After President Hugo Chávez’s somewhat surprising announcement last week that he would be bringing all of Venezuela’s gold back to Caracas, as well as reorganizing the country’s cash reserves, many have wondered exactly how the maverick leader will achieve the feat.
Chávez has already formally requested the 99 tons of gold that the country holds in the Bank of England, and will add to that the other 112 tons of the precious metal it holds across the world. “We’ve held 99 tons of gold at the Bank of England since 1980. I agree with bringing that home,” Chávez said on state television last week.
However, the actual movement of the cargo, with a value of $12.3 billion, will be one of the biggest physical gold transfers in history, competing with the Spanish government’s movement of 560 tons of gold from Madrid to Moscow in 1936, as General Franco approached.
The gold comes in the form of around 17,000 standard 400-ounce bars which are held in the United States, Europe, Canada, and Switzerland. The repatriation of gold, and the reorganization of the country’s foreign reserves, is ostensibly political, with Chávez wanting to end the “dictatorship” of the US dollar. Practically, however, the move is thought to be an attempt to counter any forthcoming sanctions following Venezuela’s frequent expropriations of foreign companies.
However, the task itself may prove too Herculean to handle. While billions of dollars worth of gold is transferred every day, very little of it is physical. “The market in physical gold is tiny and largely comprised of nutcases,” says Reuters’ Nick Rizzo.
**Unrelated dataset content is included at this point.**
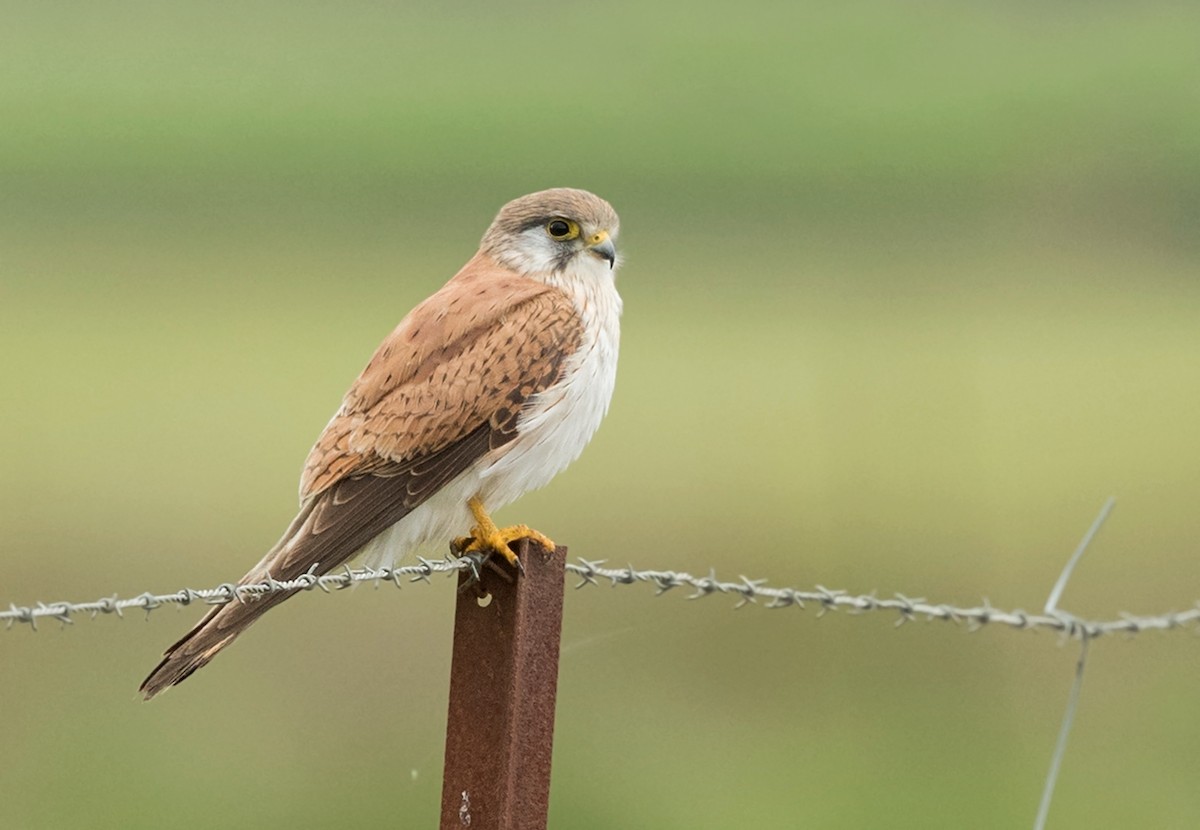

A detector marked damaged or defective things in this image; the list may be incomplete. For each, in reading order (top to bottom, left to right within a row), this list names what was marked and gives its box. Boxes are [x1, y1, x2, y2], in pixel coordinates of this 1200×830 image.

Since there is such a high value of gold to be transferred, it could not all be done in a single trip as no insurer would be willing to underwrite the journey. Traders have suggested that 40 or so trips would be necessary. “It’s going to be quite a task,” one gold banker told the Financial Times. “Logistically, I’m not sure if the Central Bank realizes the magnitude of the task ahead of them.”
There are a number of options at the Venezuelan authorities’ disposal. One is to transport the gold in a number of trips, all insured at market value. Another would be to transport the gold using the country’s own resources, such as the Navy. Or Chávez could “get clever,” suggests Felix Salmon of Reuters, by noting that gold is fungible.
“People are actually willing to pay a premium to buy gold which is sitting in the Bank of England’s ultra-secure vaults,” writes Salmon. “So why bother transporting that gold at all?” The Venezuelan gold could be sold to a third party who would then promise to provide Caracas with an agreed amount of the metal by a certain date. There would be no requirement that the gold come from the vaults where the Venezuelan material was once held.
Chávez, as per usual, has taken the facetious route as he counters concerns that Venezuela’s Central Bank doesn’t have the vault space to hold all of the gold. “If there isn’t enough room to store the gold in the Central Bank vaults, I can lend you the basement of the Miraflores presidential palace,” he said.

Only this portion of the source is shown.